Amelia simpatizaba con Miguel López, y no sospechaba de la amistad creciente entre los dos hombres. Para ella la amistad de aquel joven era una bendición, puesto que la tenía al día de las novedades en España, ya que por él pasaban los informes en clave del embajador de Argentina en Madrid.
Una de aquellas noches en las que Miguel acudió a cenar a casa de Amelia y Pierre les contó que la situación en España iba agravándose por momentos.
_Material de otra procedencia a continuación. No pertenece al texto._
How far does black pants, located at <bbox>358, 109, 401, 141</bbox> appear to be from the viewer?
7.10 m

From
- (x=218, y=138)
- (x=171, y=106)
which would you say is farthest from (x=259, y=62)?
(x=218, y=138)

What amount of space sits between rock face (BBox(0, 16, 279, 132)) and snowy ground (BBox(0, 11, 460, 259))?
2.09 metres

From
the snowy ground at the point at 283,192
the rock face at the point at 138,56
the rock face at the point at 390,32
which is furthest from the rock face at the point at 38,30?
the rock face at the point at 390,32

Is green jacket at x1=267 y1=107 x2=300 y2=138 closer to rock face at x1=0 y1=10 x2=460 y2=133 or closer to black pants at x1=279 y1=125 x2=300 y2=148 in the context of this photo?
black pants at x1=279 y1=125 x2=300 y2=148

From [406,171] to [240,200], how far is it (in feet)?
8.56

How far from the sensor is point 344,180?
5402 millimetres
– Al parecer -dijo-, en la retaguardia los fascistas cometen todo tipo de barbaridades, fusilan a los militantes de izquierdas y se ensañan con los maestros republicanos. Pero lo más importante es que los trabajadores españoles han organizado una auténtica resistencia contra los fascistas, y además del Ejército de la República, hay unidades de milicias populares. Los milicianos del Batallón Abraham Lincoln ya están participando en la lucha, y comienzan a llegar hombres de todas partes para incorporarse a las Brigadas Internacionales. Por cierto -añadió-, el viaje de la delegación de mujeres antifascistas a México empieza a dar su fruto. Nuestro embajador allí dice que continúan recaudando fondos para los milicianos y para ayudar a la República. Desde el punto de vista de la propaganda, el resultado no puede ser mejor, la mayoría de los periódicos atacan a los golpistas y se alinean con el Gobierno de Azaña. ¡Y nosotros aquí sin poder hacer nada! ¡Siento vergüenza de nuestros políticos!